Hallo zusammen,
ich habe in den letzten anderthalb Jahren ein eigenes Sprachsteuerungssystem für Smarthomes entwickelt. Da das ganze Projekt nun einen Reifegrad erreicht hat, dass es über eine simple Spielerei hinausgeht und da ich für meine Hausautomation auch IP-Symcon verwende und daher hierfür auch ein Plug-In entwickelt habe, möchte ich – entsprechendes Interesse vorausgesetzt – das ganze gerne mit der Community teilen.
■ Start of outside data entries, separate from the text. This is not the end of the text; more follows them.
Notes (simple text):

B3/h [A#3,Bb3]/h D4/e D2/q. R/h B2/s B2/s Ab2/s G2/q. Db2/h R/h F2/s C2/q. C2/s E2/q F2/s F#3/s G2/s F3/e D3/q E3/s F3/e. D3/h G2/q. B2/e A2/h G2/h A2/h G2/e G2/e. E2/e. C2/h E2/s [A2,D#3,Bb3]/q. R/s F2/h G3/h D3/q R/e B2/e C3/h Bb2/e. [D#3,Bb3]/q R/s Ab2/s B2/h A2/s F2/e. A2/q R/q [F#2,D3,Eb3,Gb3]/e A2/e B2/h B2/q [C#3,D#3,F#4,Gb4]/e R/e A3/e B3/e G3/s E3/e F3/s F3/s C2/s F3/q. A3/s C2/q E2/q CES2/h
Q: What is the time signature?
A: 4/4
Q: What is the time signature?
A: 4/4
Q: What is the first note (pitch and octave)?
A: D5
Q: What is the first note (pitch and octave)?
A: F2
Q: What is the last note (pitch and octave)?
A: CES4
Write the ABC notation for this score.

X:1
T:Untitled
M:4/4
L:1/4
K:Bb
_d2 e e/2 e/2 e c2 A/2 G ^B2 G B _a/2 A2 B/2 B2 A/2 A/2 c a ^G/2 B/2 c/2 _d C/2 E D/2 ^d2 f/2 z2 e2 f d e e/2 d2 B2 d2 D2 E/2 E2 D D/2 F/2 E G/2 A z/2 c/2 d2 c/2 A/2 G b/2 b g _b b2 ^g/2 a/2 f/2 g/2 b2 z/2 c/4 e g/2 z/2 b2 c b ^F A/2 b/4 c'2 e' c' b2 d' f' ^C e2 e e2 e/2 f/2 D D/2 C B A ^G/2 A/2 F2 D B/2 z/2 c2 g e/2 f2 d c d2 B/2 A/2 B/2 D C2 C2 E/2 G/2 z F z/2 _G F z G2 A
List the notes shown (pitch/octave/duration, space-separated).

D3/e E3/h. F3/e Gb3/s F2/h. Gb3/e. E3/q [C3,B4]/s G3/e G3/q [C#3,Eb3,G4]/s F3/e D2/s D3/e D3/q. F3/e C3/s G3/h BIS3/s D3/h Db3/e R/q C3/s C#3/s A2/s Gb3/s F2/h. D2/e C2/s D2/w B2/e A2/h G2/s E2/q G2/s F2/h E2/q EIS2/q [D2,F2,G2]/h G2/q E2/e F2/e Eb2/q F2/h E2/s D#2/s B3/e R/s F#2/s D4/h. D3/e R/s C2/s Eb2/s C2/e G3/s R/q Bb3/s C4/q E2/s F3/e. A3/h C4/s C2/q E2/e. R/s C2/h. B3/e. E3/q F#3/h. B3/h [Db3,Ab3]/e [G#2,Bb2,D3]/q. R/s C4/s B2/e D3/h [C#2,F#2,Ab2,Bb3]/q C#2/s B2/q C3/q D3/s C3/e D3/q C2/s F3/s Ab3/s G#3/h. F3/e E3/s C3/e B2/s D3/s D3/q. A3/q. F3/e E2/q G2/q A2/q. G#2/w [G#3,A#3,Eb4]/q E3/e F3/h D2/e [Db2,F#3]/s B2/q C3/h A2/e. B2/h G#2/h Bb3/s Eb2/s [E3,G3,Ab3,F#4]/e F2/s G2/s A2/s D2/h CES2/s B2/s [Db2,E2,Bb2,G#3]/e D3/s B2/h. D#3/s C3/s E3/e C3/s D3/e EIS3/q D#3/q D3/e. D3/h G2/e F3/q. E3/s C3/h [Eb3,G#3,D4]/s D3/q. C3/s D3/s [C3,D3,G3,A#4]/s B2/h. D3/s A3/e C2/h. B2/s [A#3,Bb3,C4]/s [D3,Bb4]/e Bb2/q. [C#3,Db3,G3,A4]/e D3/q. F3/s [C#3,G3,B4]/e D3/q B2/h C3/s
Derzeit kann ich noch nicht versprechen in welchem Umfang ich das ganze teilen werde, da ich aktuell auch mit dem Gedanken spiele das ganze Projekt zu kommerzialisieren (interessierte Integratoren sind herzlich willkommen). Aktuell suche ich (fähige) Betatester und würde gerne mehr darüber erfahren, was die IPS-Community von meinem Ansatz hält. Später werde ich das Projekt vermutlich für die private Nutzung veröffentlichen.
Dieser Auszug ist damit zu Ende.